Así, mientras los jóvenes normales jugaban en los verdes parques capitalinos y mi papá revisaba mapas de la ciudad como si fuera a invadirla… yo me concentraba en fotos en blanco y negro de los tranvías de Barranquilla. 
Saco ahora mismo la cara de la pantalla y pasa el Tranvía número 6 por la calle Spun de la capital diplomática de los Países Bajos. Ese tranvía rodeado de bicicletas, junto a canales, sirve para ir a la playa y volver a la residencia de estudiantes en la que me hospedo hace unos días con ocho personas más, entre rusas y africanas. Viendo ese tranvía imagino que el negocio del primer mundo con el tercero, siempre fue venderle cosas que no estaban dispuestos a usar aquí: carros, armas, leche en polvo o glifosato. Observo los canales de La Haya y pienso en el Caño de la Auyama, de donde sacaron un cadáver sin dueño, no hace mucho. 
Recuerdo entonces las tardes en la Biblioteca Karl C. Parrish de la Universidad del Norte, a donde iba a leer noticias como esas en el periódico, además de algún libro de poesía y por supuesto, a echar la siesta. Recuerdo a otros estudiantes y profesores llegar sudando bajo aquel implacable sol y entrar ahí para salir a los cinco minutos, después de "coger aire acondicionado". 
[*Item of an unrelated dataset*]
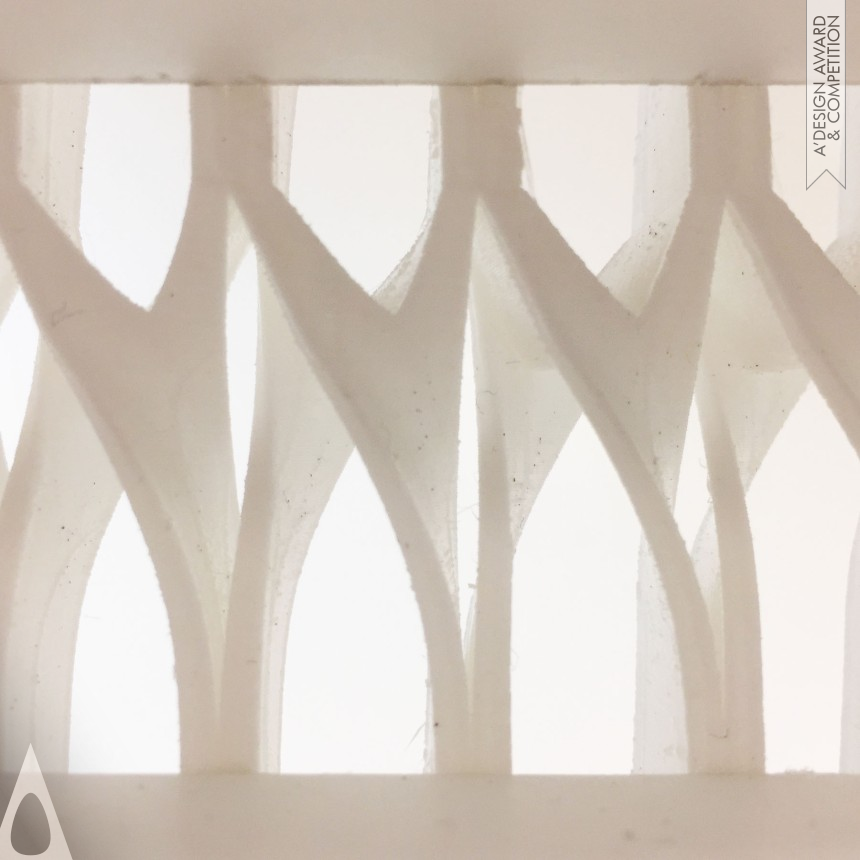 3D Printing of Architectural Facades designed by Florian Schatz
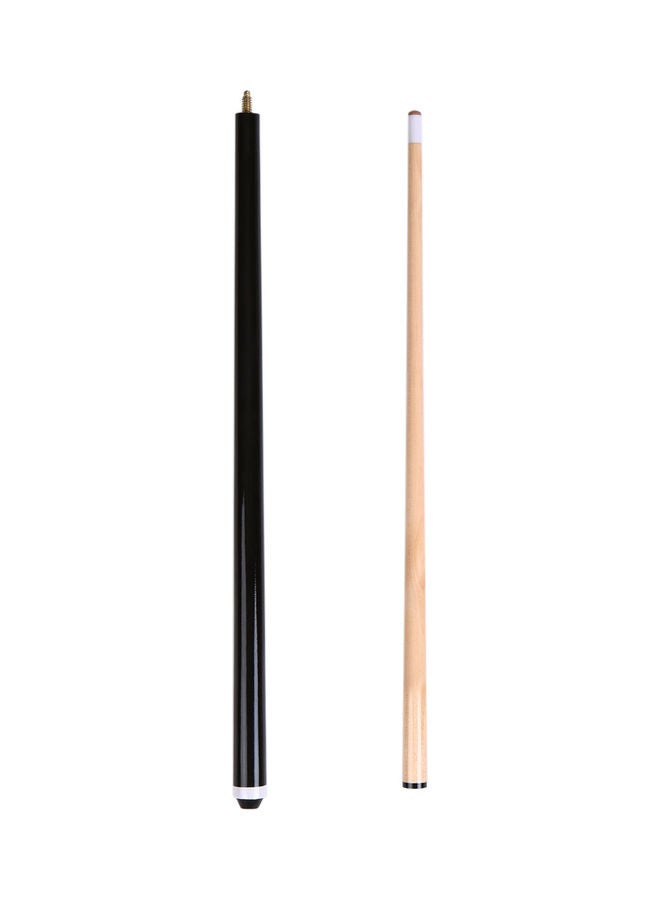 48 Inch  Wood Billiard Cue Double Section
Recuerdo también los 15 días en la biblioteca del parque del Retiro en Madrid, donde los ordenadores se apagaban solos cada 45 minutos y un viejo amargado a mi lado, llegaba cada tarde para ver en vivo y en directo, la construcción de un puente en su Cádiz del alma. Ahí pude avanzar proyectos, después de caminar más de 120 kilómetros por el País Vasco durante una semana. Para eso escribo, recuerdo entonces, para no olvidarme de mi.
Me recuerdo solo, también, en la biblioteca de la Ohio University, viendo un partido desastroso de Colombia contra Uruguay con audífonos y mordiendo un lapicero, en medio de una montaña rusa emocional que en realidad tenía otros orígenes. 
Así, he recordado tantos fines de semana en las bibliotecas de la Universitat Pompeu Fabra terminando aquella tesis sobre la terquedad, que me atrevo a decir sin vergüenza que no había mejor plan para hoy que este, mientras un nubarrón y un viento frío me dan la razón, posándose sobre las embajadas del mundo entero. 
Xenia, una de las rusas de la residencia en la que estoy me cruzó con su bicicleta esta tarde cuando salía: 
¿Vas nuevamente a la biblioteca?
Sí… - le respondí poniendo cara de Lelo Zopenco.
No pasa nada - me tranquilizó - Eres el típico piscis que necesita de vez en cuando, volver a su pecera.